At night, she goes home. Where she shows empathy and sympathy to her adoring, recently-downsized architect husband Richard (Gregg Kinnear) and their two young children.

A modern, career woman, Kate wants to have it all, be good in both her personal and public lives.  Which means that she’s constantly engaged in an impossible balancing act.

She is not alone. Kate’s best friend and fellow working mother Allison (Christina Hendricks of
Mad Men” fame) is in the same position, juggling the various acts in life on a daily basis—only she has a better sense of humor and is quite acerbic.

The tale’s has another female, Momo (Olivia Munn), a smart, child-phobic young junior associate.   Momo is a schematic creation, a character that’s juxtaposed with Kate and Allison, a woman to be avoided at all costs.

As luck would have it (and this is a Hollywood flick), when Kate gets a major new account that calls, among other duties, frequent trips to New York, hubby Richard also wins a new job he’s been wanting to have.  In short, here is a dual-career married couple, which seems to be spreading themselves even thinner.   Will the marriage survive intact?

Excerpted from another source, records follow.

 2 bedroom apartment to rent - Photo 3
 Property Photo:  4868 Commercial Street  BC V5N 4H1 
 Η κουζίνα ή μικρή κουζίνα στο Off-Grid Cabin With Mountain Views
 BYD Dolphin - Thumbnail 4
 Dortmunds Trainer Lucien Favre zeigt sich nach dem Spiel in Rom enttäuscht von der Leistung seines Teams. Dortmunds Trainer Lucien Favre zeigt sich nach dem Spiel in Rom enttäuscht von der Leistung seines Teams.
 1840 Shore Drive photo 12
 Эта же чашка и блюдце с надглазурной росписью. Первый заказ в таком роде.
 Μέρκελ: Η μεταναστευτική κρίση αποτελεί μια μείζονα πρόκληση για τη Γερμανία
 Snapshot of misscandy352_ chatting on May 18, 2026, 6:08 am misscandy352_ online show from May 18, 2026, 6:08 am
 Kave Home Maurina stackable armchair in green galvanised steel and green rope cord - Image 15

Complicating Kate’s life even more is the appearance of a charming new business associate, named Jack Abelhammer (Pierce Brosnan), who proves to be distracting and seductive.  Will Kate resist the temptation to go out with him?

Formulaic and utterly predictable, “I Don’t Know How She Does It” is at least two or three decades behind the zeitgeist in terms of subject, characterization, and message.  As such, the picture may prove offensive and retro to bright, career women who have been doing successfuly what Parker’s Kate is struggling to achieve  in a single week–or day.